A merendeira desce, o ônibus sai
Dona Maria já se foi, só depois é que o sol nasce
De madruga que as aranha desce no breu
E amantes ofegantes vão pro mundo de Morfeu
Emicida
É comum ouvirmos que São Paulo não tem planejamento. Por essa conversa, a cidade seria o resultado de decisões aleatórias. Entretanto, quando olhamos para a profunda desigualdade urbana, parece haver razão para acreditar no contrário.
A divisão entre centro e periferia, o formal e o informal, a riqueza e a pobreza não é produto do acaso e sim de ações, obras, planos e omissões, todas numa direção comum. Essa é a tese do livro "São Paulo: O Planejamento da Desigualdade", da urbanista Raquel Rolnik, que já havia sido explicitada em outros textos dela, e principalmente no livro da coleção Folha Explica, de 20 anos atrás.
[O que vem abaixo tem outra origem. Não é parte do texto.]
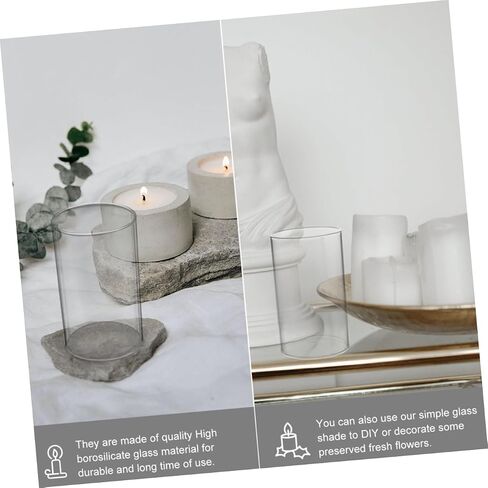 Cabilock 4Pcs Transparent Glass Candle Shades Candle Cup Covers for Use Elegant Candle Holders for Home in Saudi Arabia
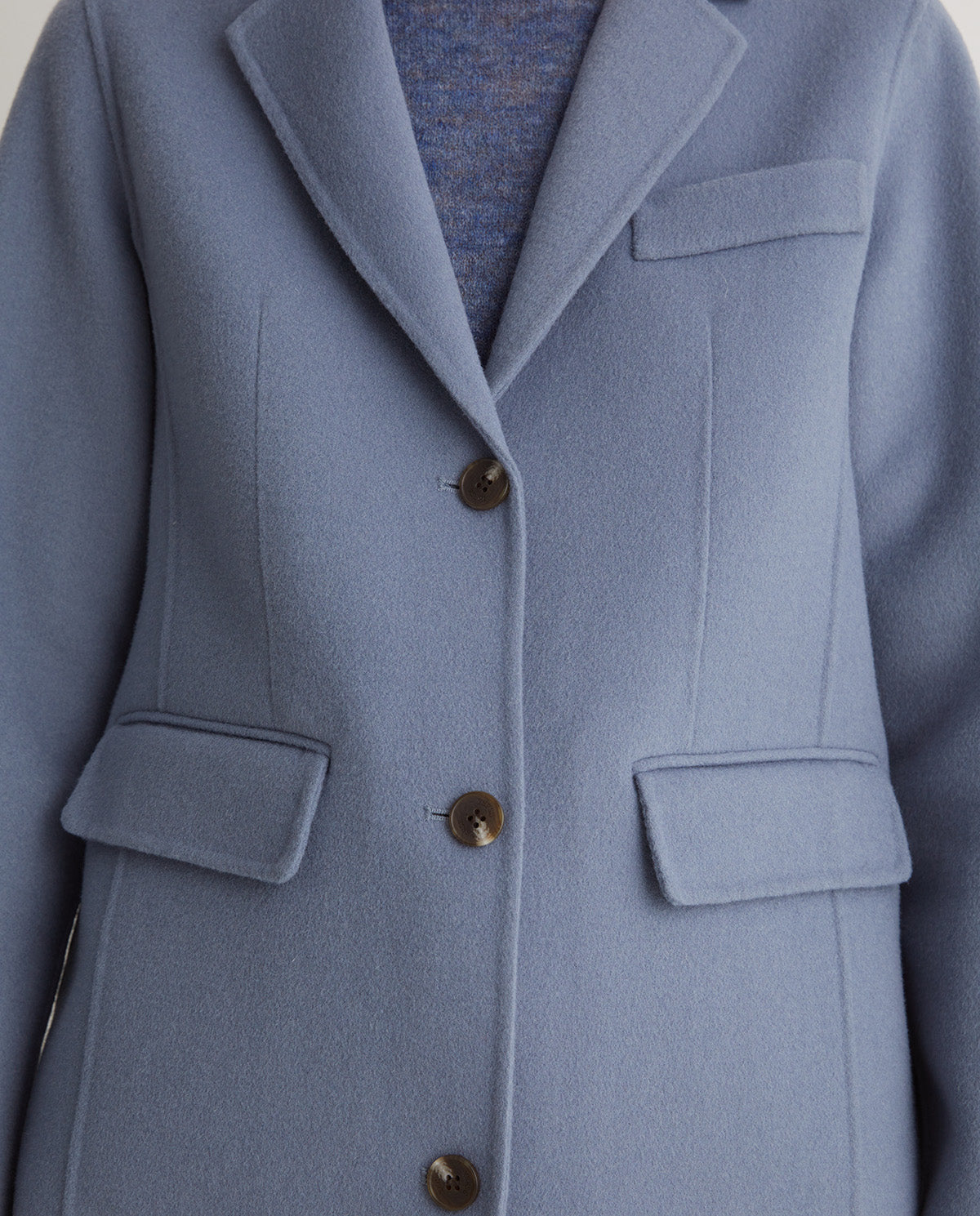 Elegant blue wool blend coat midi winter wear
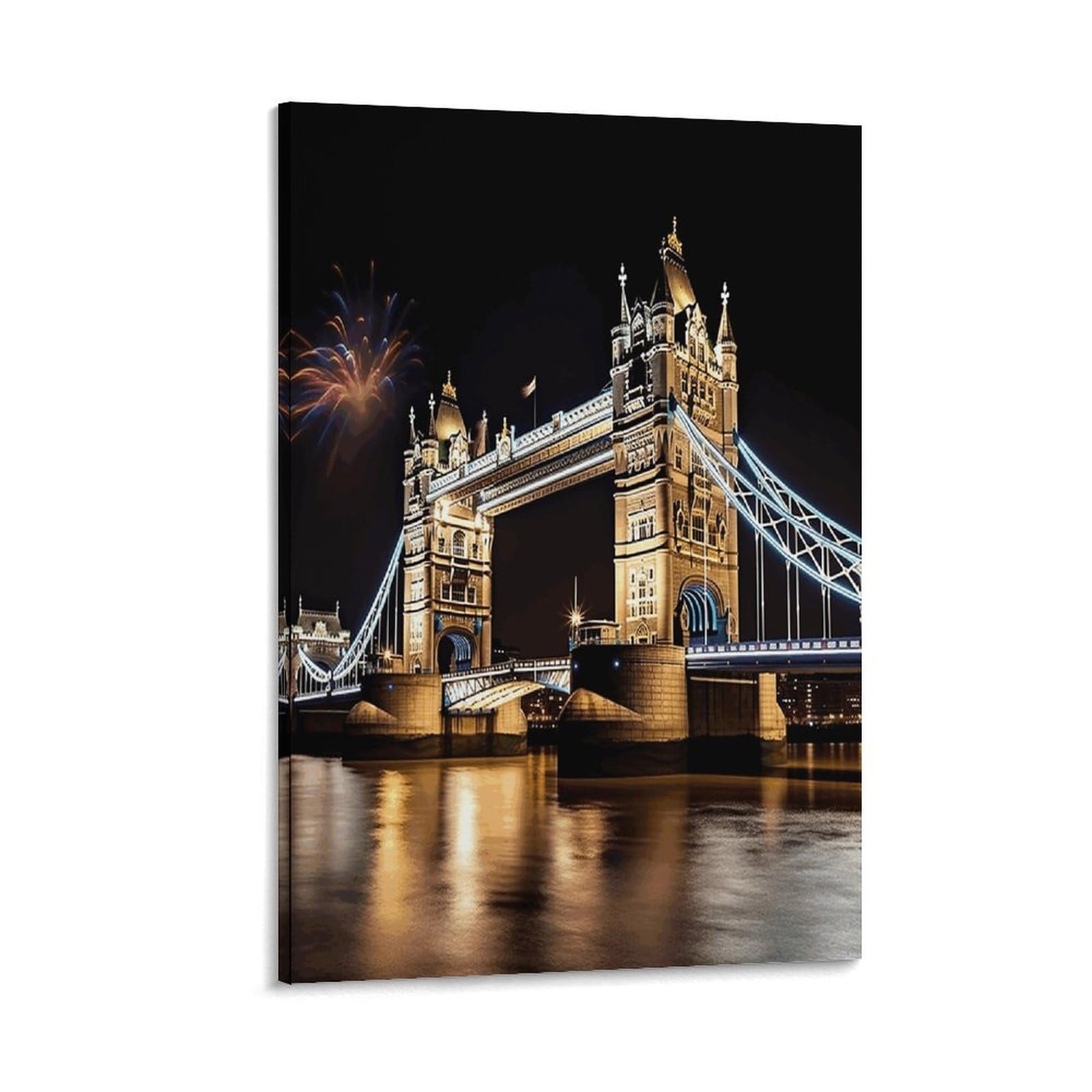 Night London Tower Bridge Canvas Wall Art on Canvas Prints Artwork Exquisite Decor Artwork Hang Wall Picture Hangable Decor Painting Picture Printed Poster Art for Home Decor 16x24inch(40x60cm)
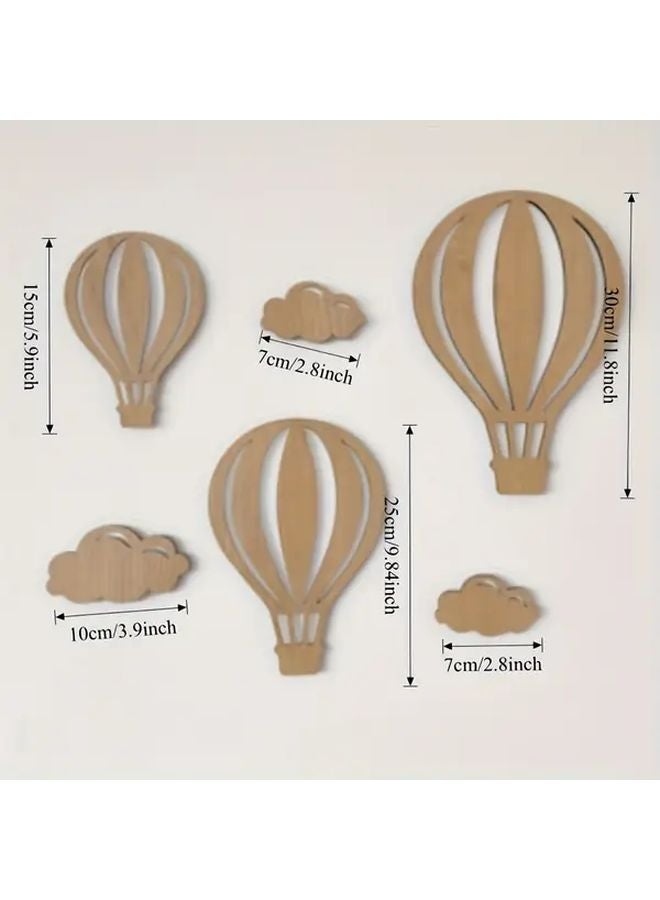 Self Adhesive Wooden Hot Air Balloon Wall Decor Set Farmhouse Art with Clouds - Image 3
Se o livro é essencial, ele ganha concretude com seu prefácio surpreendente. Nele, Emicida consegue nos levar até a periferia de sua infância entrando no mato da Cantareira com a família para pegar madeira para construir sua casa. O terreno havia sido pago a um loteador desonesto, que sumiu. Tratores demoliram tudo. Depois de destruídos, os barracos foram reconstruídos e, como em tantos lugares de São Paulo, deram origem a um bairro, Jardim Brasil Novo.
A desigualdade está em pauta desde sempre em São Paulo, mas sua tradução ganha densidade com os artistas, escritores, músicos. Na década de 1960, o livro de Carolina Maria de Jesus foi uma janela aberta para dentro da favela do Canindé, para a miséria cotidiana, a fome, a indignidade: a cidade é a sala de visitas, a favela, o quarto de despejo.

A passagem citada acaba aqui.